[Stored data entries]
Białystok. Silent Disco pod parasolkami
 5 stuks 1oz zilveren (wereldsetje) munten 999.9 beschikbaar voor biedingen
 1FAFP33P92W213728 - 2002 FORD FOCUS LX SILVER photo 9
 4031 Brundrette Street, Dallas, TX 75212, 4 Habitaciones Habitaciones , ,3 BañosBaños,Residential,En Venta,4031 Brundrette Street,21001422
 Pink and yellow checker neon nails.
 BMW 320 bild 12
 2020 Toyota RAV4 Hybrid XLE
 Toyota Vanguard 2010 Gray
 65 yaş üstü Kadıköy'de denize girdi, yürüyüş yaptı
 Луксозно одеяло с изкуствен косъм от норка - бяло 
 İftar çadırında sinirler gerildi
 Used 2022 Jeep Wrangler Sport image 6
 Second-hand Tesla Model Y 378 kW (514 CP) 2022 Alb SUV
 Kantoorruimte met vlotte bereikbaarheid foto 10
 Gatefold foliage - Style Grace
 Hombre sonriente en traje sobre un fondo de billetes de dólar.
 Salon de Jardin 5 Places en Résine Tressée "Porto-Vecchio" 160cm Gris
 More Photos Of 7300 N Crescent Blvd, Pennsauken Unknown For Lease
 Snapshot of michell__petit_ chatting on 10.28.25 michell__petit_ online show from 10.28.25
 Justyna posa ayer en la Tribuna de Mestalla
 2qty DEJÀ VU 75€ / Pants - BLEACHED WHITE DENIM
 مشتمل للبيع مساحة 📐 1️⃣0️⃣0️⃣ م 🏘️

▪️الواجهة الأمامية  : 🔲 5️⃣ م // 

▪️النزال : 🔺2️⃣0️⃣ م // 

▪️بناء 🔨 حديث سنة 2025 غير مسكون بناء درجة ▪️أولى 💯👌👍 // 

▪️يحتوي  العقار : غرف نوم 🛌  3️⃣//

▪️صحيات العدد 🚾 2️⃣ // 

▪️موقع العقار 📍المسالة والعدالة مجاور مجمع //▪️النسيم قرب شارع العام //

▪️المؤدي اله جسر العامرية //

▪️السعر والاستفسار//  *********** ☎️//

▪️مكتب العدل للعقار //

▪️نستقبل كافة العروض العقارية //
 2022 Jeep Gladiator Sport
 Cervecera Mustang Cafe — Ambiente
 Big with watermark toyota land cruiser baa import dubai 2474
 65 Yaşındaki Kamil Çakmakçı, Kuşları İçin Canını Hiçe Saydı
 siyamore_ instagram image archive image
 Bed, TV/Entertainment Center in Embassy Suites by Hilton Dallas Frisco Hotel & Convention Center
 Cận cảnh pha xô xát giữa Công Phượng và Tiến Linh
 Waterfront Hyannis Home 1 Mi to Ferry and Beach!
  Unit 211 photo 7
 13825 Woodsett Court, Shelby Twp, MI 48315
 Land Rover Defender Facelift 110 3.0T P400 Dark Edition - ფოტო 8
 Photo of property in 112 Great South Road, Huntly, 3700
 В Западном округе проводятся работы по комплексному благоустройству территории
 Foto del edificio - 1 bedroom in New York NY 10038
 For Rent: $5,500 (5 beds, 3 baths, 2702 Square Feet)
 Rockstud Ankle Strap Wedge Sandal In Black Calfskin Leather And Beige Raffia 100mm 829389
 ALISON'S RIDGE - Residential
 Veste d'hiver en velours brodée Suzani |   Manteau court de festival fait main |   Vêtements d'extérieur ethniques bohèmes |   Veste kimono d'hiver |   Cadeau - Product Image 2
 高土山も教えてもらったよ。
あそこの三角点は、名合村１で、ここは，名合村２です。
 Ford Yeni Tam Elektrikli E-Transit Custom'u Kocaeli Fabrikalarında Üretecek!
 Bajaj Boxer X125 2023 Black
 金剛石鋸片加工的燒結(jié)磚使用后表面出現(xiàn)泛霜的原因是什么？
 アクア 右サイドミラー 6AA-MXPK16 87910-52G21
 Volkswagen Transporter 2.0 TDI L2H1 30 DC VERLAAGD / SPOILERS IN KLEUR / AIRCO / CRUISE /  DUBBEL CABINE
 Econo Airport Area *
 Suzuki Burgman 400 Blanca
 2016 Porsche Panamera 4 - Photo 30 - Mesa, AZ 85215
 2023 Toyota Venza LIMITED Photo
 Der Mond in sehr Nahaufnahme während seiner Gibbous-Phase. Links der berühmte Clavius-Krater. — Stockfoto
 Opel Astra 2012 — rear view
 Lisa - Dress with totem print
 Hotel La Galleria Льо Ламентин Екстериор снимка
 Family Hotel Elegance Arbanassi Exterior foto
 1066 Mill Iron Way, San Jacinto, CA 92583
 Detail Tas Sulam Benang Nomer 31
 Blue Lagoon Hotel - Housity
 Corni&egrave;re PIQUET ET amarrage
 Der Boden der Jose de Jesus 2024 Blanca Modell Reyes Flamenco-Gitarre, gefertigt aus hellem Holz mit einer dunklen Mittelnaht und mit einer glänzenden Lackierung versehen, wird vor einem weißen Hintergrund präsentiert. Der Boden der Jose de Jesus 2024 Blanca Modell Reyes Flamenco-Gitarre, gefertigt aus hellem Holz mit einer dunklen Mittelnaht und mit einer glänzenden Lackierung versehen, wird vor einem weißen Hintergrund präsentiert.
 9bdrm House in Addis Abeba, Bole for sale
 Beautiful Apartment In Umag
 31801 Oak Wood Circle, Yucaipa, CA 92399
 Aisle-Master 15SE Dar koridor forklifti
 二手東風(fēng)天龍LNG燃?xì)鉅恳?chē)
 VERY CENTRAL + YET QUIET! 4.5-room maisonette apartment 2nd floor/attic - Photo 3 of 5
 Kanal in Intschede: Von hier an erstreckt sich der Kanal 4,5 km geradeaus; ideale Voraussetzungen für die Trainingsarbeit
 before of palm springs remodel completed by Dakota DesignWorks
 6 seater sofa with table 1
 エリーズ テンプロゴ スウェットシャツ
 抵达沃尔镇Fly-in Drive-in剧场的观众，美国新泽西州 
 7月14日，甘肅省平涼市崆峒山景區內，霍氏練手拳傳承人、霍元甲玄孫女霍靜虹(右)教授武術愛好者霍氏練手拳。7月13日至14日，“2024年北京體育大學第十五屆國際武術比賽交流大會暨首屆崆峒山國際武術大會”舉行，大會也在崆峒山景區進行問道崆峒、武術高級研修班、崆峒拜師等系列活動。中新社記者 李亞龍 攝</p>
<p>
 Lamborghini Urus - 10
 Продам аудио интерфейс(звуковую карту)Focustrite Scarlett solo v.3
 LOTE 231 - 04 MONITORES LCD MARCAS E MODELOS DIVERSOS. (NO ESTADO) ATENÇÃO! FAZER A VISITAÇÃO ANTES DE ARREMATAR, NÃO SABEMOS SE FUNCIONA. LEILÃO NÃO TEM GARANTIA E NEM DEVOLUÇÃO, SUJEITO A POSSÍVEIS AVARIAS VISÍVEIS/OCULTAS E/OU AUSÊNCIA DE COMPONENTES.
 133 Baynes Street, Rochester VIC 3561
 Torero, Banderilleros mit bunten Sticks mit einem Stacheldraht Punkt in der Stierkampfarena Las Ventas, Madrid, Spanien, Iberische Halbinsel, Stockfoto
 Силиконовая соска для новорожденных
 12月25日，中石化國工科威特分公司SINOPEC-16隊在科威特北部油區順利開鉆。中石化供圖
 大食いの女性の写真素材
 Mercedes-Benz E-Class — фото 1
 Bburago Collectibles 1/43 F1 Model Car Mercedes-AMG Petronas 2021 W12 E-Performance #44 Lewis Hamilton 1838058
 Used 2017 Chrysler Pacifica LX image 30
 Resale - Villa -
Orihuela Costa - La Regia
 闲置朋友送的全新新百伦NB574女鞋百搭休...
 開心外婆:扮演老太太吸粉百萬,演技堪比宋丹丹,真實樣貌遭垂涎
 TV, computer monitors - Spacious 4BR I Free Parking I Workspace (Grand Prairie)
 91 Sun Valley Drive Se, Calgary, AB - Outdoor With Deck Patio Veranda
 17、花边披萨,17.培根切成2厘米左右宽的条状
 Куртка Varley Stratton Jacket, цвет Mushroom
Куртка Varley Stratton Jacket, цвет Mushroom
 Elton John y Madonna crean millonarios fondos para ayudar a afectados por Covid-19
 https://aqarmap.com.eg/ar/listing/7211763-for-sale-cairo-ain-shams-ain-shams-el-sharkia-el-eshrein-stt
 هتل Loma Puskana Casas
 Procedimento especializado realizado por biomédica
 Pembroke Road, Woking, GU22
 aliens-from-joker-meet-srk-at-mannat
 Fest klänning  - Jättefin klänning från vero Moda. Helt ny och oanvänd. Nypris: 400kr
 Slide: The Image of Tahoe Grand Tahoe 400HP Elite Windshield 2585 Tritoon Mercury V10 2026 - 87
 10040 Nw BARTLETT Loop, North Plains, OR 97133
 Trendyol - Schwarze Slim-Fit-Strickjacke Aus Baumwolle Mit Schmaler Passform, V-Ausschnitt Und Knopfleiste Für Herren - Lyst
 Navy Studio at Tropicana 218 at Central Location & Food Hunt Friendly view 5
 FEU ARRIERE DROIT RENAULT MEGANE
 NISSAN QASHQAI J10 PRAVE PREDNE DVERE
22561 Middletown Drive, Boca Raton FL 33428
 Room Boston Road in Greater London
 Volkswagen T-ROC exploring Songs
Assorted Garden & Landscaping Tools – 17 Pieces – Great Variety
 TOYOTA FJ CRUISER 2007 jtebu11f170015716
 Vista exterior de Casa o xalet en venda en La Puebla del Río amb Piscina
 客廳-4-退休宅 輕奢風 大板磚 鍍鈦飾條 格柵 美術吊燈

PROBLEM REQUIREMENTS ->
Some lines above hold the word "Hotel". Copy all of them.

RESULT ->
 Bed, TV/Entertainment Center in Embassy Suites by Hilton Dallas Frisco Hotel & Convention Center
 Hotel La Galleria Льо Ламентин Екстериор снимка
 Family Hotel Elegance Arbanassi Exterior foto
 Blue Lagoon Hotel - Housity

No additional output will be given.